Es preciso recordarlo las veces que sean necesarias: seis de cada diez votantes respaldaron la continuidad en la presidencia, sí, a la vez que once de cada veinte electores apoyaron a la coalición del gobierno en el Congreso. De esta forma, los sufragios de la ciudadanía no otorgaron la mayoría calificada a la coalición oficialista para que pudiese cambiar a su antojo la Constitución, pasando por encima de las demás fuerzas políticas que contaron con nueve de cada veinte votos. Morena y aliados tuvieron la mayoría simple, pero quedaron lejos de reunir dos tercios de los sufragios. Cuando se habla de mandato popular en las urnas, lo primero que se debe respetar es al conjunto de los electores, que volvieron a expresar tanto el pluralismo político de la sociedad mexicana como la obligación de que cualquier cambio al diseño constitucional sea fruto del consenso, no de la imposición unilateral.
Solo la no aplicación del límite constitucional a la sobrerrepresentación, de hasta ocho puntos entre el porcentaje de votos y de legisladores, podría dar lugar a una distorsión donde menos del 55 por ciento del sufragio se traduzca en casi el 75 por ciento de los diputados. Esa es la delicada decisión que tomará en agosto el Instituto Nacional Electoral (INE) y, después, el Tribunal Electoral del Poder Judicial de la Federación antes de que en septiembre se instale la próxima Legislatura: traducir de manera fiel los votos populares en curules o permitir una alteración de la voluntad ciudadana donde a la coalición del gobierno se le conceda una mayoría calificada artificial, que las urnas no le dieron, inflando su representación en veinte puntos porcentuales y comprimiendo la expresión formal de las oposiciones.
En el caso del Senado, la coalición del gobierno ganó 30 entidades (lo que implica 60 senadores de mayoría) y sus partidos fueron segundo lugar en cuatro estados (lo que les da otros cuatro asientos), además de que se prevé que les corresponderán 19 senadores de los 32 de lista nacional, esto es, 83 lugares en total.
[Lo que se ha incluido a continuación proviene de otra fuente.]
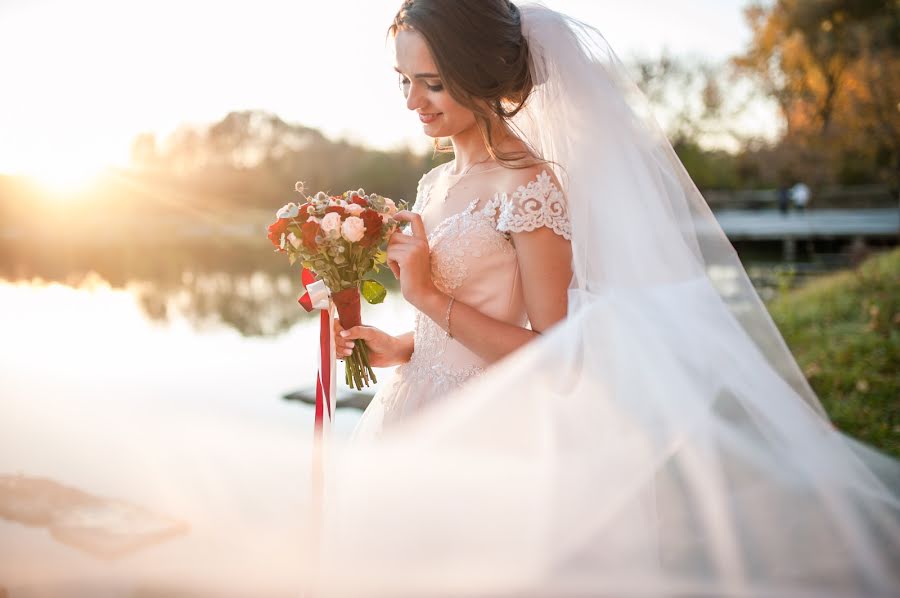 Jurufoto perkahwinan Svetlana Shvydnyuk (shvydniuk22). Foto pada 11 Februari 2019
Como el Senado se integra por 128 legisladores, la mayoría calificada es de 86 escaños. Es decir, así sea por poco, ningún cambio constitucional puede darse por consumado.
Esta situación se pretende ignorar desde el gobierno: se da por hecho que no existen contrapesos legislativos, con lo cual se desconoce la parte fundamental de la ciudadanía y a su expresión legítima en las urnas. Se ningunea al 45 por ciento de los ciudadanos que votaron por opciones distintas al Congreso. Es una pretensión autoritaria.
Desde la presidencia, la actual y la próxima, se advierte que se consumará en septiembre la reforma constitucional para cesar a todos los jueces de distrito, magistrados de tribunales y a la Suprema Corte de Justicia de la Nación. A cambio, se reemplazarán por figuras electas popularmente, lo cual implica candidaturas que hagan campaña y recaben votos, es decir, que sean fruto de un proceso eminentemente electoral. Quienes participan en comicios y resultan electos son agentes políticos, aunque se quiera maquillar. Iremos de un Poder Judicial independiente de los otros poderes a uno integrado, en todas sus figuras clave, por personajes adscritos a la mayoría electoral. Se trata de una reforma autoritaria en su contenido, que busca la hiperconcentración de todo el poder en la presidencia.
El apoyo en las urnas a la coalición gobernante no se está entendiendo, por sus líderes, como el respaldo a una política de redistribución del ingreso sino, sobre todo, como un aval autoritario. Es falso que el orden constitucional vigente, con división de poderes, signifique un obstáculo para la equidad social. En el actual marco nada impide, jurídicamente, políticas más drásticas contra la desigualdad, pero fueron ellos quienes renunciaron a la reforma fiscal.
Los hechos demuestran que lo que distingue a quienes ahora gobiernan es su voracidad autoritaria, no la vocación social.